Now I’ve A) watched WWE long enough and B) seen enough of WWE’s historical documentaries to know that their representation of Japanese wrestlers isn’t the best. The WWE’s relationship with Japanese stars started off reasonably in the 1980’s with various great Japanese wrestlers visiting ,the then, WWF. Wrestlers such as Antonio Inoki, Tiger Mask, Genichiro Tenryu, Bull Nakano and the Jumping Bomb Angels all made appearances to varying degrees of success that never truly went beyond minor title wins. But it all went downhill around the 1990’s.
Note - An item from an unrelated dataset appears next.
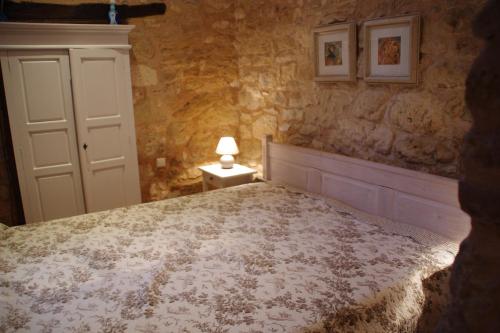 une chambre avec un lit et une lampe sur une table dans l'établissement Petite Mombette, à Cénac-et-Saint-Julien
Many talented Japanese wrestlers were part of the roster throughout the New Generation and Attitude eras, but they all either did very little, weren’t actually Japanese or were saddled with racist caricatures as gimmicks or storylines.
Figures such as Ultimo Dragon and Great Sasuke all appeared in the brief Cruiserweight/Light Heavyweight division garnering some popularity, but never really exploded into the main event scene. Then there’s Yokozuna, real name Rodney Agatupu Anoaʻi. Yokozuna was indeed billed as being from Polynesia, however, his name,costume and the fact that his manager carried around a Japanese flag, suggested that the WWE was saying he was Japanese. Yes, Yokozuna did win the WWF World Heavyweight Championship twice. But not only was he not actually Japanese, but he also portrayed a stereotypical farce of a Japanese person and inhabited the ‘Foreign Heel’ gimmick, a practice with a history of foreign (or billed as being foreign) wrestlers were villains simply because they were not from America and did not like ‘american values’.
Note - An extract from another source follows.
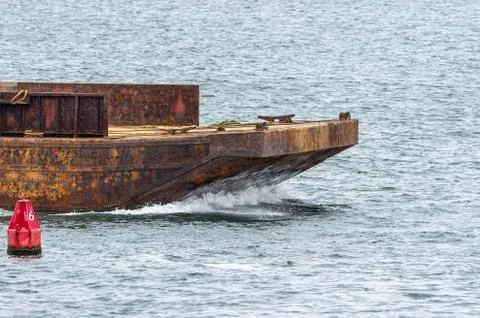 Empty barge heading into port Stock Photos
But the WWE’s legacy of ugly stereotyping and misrepresentation of Japan does not end there.The peak of this awful trend is the stable Kai-En-Tai. They were a group of Japanese wrestlers who not only occupied the foreign heel gimmick but also were part of one of the most famous segments of the attitude era that just reeks of ugly racism. The set-up for it goes as such: Val Venis, who is a male pornstar wrestler (yes, wrestling is weird), had slept with one of the members of Kai-En-Tai’s wife and so the group captures Val. They then proceed to threaten to cut his penis off with a samurai sword all while shouting that they will “choppy choppy [his]…pee pee”.
With the Ruthless Era and PG era of the 2000’s, Japanese representation only got better through the fact that Japanese wrestlers were barely around to do anything of note. Sporadic appearances from superstars like Kenzo Suzuki and Tajiri did happen, but they were mostly occupying the space of either oriental fetishism or comedy derived from the wrestler being Japanese and therefore weird. However, it was the NXT promotion which changed everything for Japanese representation in the WWE.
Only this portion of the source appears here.